There are two ways to look at this, and frankly, only one of them involves long-term survival. The better version is that digital is finally starting to replace physical on the global stage, and heralding a freshly-laid bottom for recordings. The other version – espoused by analysts like Mark Mulligan – is that downloads in the post-iPod smartphone era aren’t growing aggressively enough. Couple that with tanking physical and penny-producing streaming platforms, and the second version is far less rosy.

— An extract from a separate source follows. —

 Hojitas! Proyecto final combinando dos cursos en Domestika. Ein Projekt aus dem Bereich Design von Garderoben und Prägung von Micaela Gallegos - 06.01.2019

So which version do you subscribe to?
A look at the latest financials for Universal Music Group suggests some bottoming out, for a number of reasons. The earnings picture was rocky during the last quarter, with the EBITDA (a complicated earnings calculation) slipping nearly 27 percent to 82 million euros ($102 million).
In fairness, that’s still a profit (if you believe Vivendi’s limited accounting disclosures), and during the first nine months of this year, EBITDA dropped a milder 5 percent to 238 million euros ($303 million).
The revenue picture is better: on the year, the company has raked in 2.9 billion euros, or $3.7 billion, a manageable 3.4 percent decline at constant currencies. This is the last quarter before UMG’s financials get melded with those of EMI, and it looks like a managed collapse.
The question is what the next status quo looks like. At present, major labels still have the ability to blow up superstars on a global stage. They can still turn acts like Rihanna and Black Eyed Peas into a worldwide asset, and they still have a lock on powerful, traditional radio. They can even spend $1.4 million to break an artist, and still get a return… at least for now.